• Work to be completed: Images should not appear in the copy, yet every line of the listing below must be printed exactly.

• Dataset content:
* * * * * * *
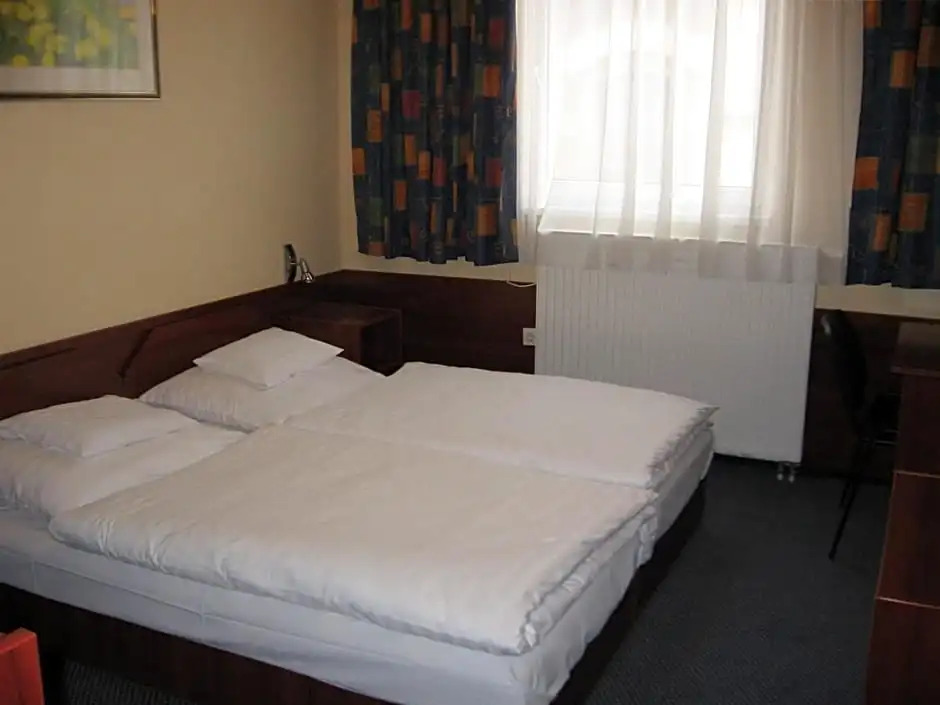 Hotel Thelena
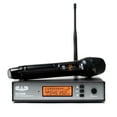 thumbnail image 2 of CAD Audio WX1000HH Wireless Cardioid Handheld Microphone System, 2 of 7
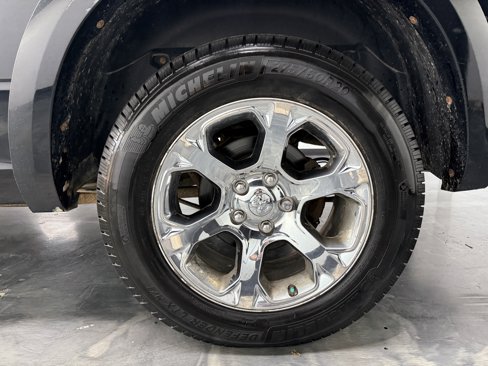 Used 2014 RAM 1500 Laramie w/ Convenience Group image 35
* * * * * * *
• Response to the task:
 Hotel Thelena
 thumbnail image 2 of CAD Audio WX1000HH Wireless Cardioid Handheld Microphone System, 2 of 7
 Used 2014 RAM 1500 Laramie w/ Convenience Group image 35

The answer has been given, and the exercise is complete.